§ **What you should do**
Every record below is to be copied exactly, with its images omitted.

[Stored records]
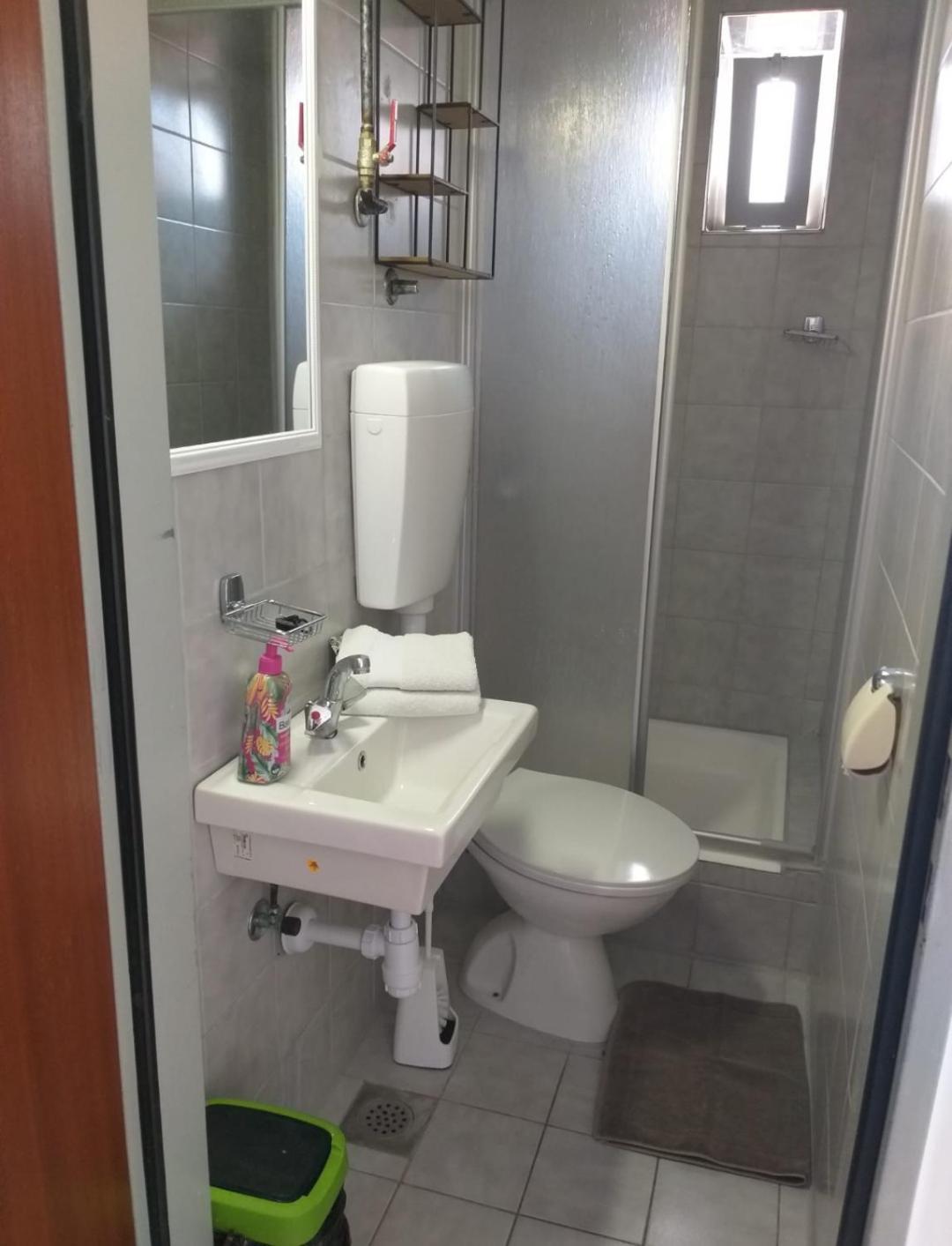 Beach Apartments Nemira 奥米什 外观 照片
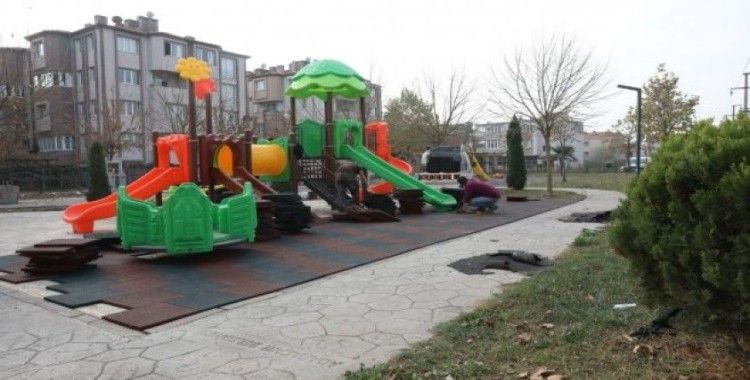 Adapazarı’nda 30 farklı bölgeye yeni çocuk parkı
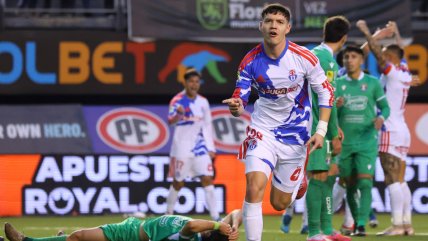   [VIDEO] Eduardo Vargas asistió de taco a Agustín Arce para el 1-0 de la U sobre Audax 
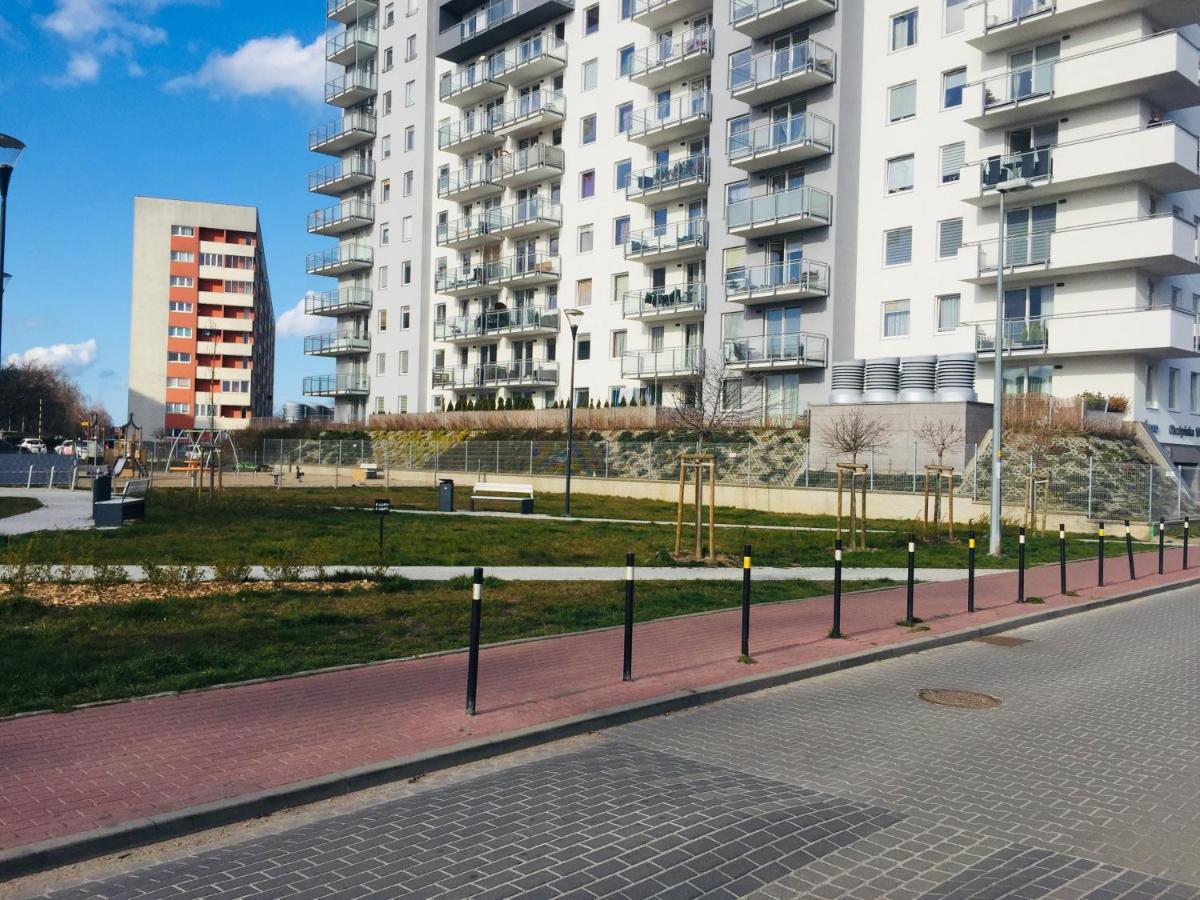Sunny Sleeps 4 By The Beach With Garden Patio - Gdansk Przymorze Gdańsk Exterior foto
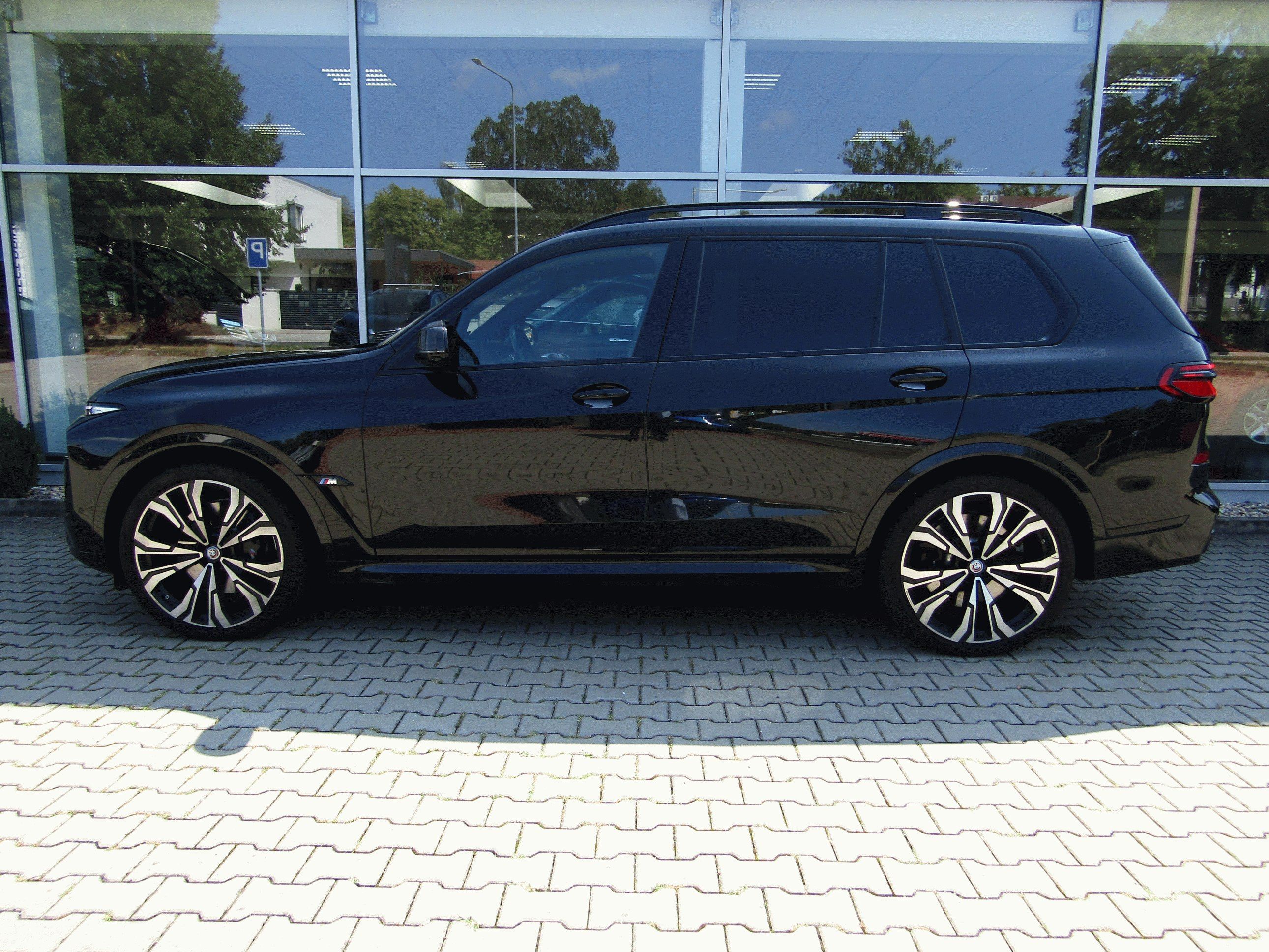 BMW X7, M60i 390 kW/530k xDrive - fotka 4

§ **The answer**
 Beach Apartments Nemira 奥米什 外观 照片
 Adapazarı’nda 30 farklı bölgeye yeni çocuk parkı
   [VIDEO] Eduardo Vargas asistió de taco a Agustín Arce para el 1-0 de la U sobre Audax 
Sunny Sleeps 4 By The Beach With Garden Patio - Gdansk Przymorze Gdańsk Exterior foto
 BMW X7, M60i 390 kW/530k xDrive - fotka 4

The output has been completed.